Suppose I have two parabolas defined by the following equations

$\displaystyle f_1 = -x^2 + bx + c$ which has vertex $\displaystyle V_1 = (\frac{b}{2} , c + \frac{b^2}{4})$

$\displaystyle f_2 = x^2$ which has vertex $\displaystyle V_2 = (0,0)$

For some values $\displaystyle b, c$, these parabolas intersect as points $\displaystyle R, S$

The first question asks

(i) Determine all pairs $\displaystyle (b,c)$ for which the points $\displaystyle R, S$ exist and the points $\displaystyle V_1, V_2, R, S$ are distinct.

Setting $\displaystyle f_1 = f_2$ results in $\displaystyle 2x^2- bx - c = 0$, and two distinct solutions x exist when the discriminant of the quadratic is greater than 0.

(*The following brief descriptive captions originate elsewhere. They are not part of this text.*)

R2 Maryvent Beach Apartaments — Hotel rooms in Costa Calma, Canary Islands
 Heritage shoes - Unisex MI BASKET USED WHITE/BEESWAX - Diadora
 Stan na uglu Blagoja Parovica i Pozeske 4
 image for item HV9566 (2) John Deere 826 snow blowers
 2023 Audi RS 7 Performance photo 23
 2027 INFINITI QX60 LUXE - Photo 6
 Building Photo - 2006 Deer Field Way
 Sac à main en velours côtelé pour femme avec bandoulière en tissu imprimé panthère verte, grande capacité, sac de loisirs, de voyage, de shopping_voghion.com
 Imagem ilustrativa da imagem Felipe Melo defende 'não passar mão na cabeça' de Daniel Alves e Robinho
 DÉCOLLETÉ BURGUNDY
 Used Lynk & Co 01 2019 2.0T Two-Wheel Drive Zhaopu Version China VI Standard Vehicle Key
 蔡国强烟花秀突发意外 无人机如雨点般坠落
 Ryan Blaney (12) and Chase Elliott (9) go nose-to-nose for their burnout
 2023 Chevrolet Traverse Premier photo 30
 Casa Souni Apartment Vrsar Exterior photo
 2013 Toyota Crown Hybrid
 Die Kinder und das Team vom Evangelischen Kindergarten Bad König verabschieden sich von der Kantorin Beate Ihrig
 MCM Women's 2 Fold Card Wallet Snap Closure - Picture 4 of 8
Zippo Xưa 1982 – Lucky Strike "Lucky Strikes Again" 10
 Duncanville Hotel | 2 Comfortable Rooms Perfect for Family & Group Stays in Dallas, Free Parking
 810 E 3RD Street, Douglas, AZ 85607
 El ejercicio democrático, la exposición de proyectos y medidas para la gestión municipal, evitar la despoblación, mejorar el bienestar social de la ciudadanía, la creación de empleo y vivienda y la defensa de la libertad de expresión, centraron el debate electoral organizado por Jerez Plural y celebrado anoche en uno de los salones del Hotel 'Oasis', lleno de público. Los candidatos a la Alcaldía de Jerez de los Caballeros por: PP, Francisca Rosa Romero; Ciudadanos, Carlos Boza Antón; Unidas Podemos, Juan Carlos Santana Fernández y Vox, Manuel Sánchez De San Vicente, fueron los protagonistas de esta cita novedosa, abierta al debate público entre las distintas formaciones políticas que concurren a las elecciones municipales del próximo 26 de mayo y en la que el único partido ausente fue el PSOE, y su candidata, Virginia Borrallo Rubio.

Thus, it's all pairs $\displaystyle (b,c)$ such that $\displaystyle D = b^2 + 8c > 0$

(ii) Determine all pairs $\displaystyle (b,c)$ for which the points R and S exist, the points $\displaystyle V_1,V_2,R,S$ are distinct, and quadrilateral $\displaystyle V_1RV_2S$ is a rectangle.

This is where I'm a bit stumped. I think I would still have a range of solutions as (i) and that I would use some of these properties of rectangles.

* Opposite sides have equal slope

* Adjacent sides have negative reciprocal slope

* The intersection of diagonals occurs at the midpoint.